Thursday, August 27, 2015

What if our Worship Music was as Multifaceted as the God we Worship? (Part 2)

One of my pet peeves as a Christian and as a pastor is that even though we serve and love and worship and trust a God Who is interesting, inventive, and unique, our worship music could hardly ever be called by those same adjectives.

There are three main areas that I find especially saddening given the God we worship. Last we looked at the first, The Lack of Variety in Themes and Subjects. This week we will also talk about the dearth of poetic genres in Christian worship music, while next week we will cover the lack of musical styles in Christian worship. 

You've been there before. You're in church. The band is playing. They are playing a song. It's a good song. But it's not the song you want to be singing. No, I'm not talking about a cover for the newest Hillsong hit. I'm talking about that time when you are there and you want to be singing your heart out to God about something going on in your life, but you can't. Not because you don't know what you want to say. Not because you don't feel like singing. But because the praise team is playing a song of worshipful celebration, and you want to sing a song asking God to actually show up. Or maybe you're singing a song about love and forgiveness, but you want God to bring your enemy to shame. 

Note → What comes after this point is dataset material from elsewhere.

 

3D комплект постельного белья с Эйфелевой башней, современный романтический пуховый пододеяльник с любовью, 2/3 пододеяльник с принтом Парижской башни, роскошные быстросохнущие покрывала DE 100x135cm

Some people will tell you the problem is probably with you: "You are too depressed or too angry to worship God." But while for sure sometimes you are the problem, what if the problem this time is not a lack of faith or a lack of forgiveness, but the lack of a song of desperation in your praise team's repertoire, or the lack of a song of justice on the lips of  your brothers and sisters? 

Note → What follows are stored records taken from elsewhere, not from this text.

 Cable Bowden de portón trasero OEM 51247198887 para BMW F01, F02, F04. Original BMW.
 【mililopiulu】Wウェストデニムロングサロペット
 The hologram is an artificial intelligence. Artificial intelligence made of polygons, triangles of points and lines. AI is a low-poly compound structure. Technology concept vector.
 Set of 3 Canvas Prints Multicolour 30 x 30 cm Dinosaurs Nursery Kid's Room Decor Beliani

Last week we discussed how our worship music as Christians tends to lack many prominent themes of Scriptural worship, in terms of what is said/sung about God. This may or may not be related to the problem we're looking at today. Someone could suggest that it is precisely because Christian worship music lacks certain themes and subjects, that it also lacks certain poetic forms or genres. While I suspect there is at least some correspondence between the two, I think it is also the case that the problem sometimes with our worship music is that we really only have one kind of worship music: praise music. 

The problem is that the Bible has way more kinds of worship music than just praise music. That means that the longing in your soul to sing something else in a moment of pain or oppression may not be your lack of maturity as a Christian, but the mark of the Holy Spirit working in your soul to express yourself honestly in His presence. 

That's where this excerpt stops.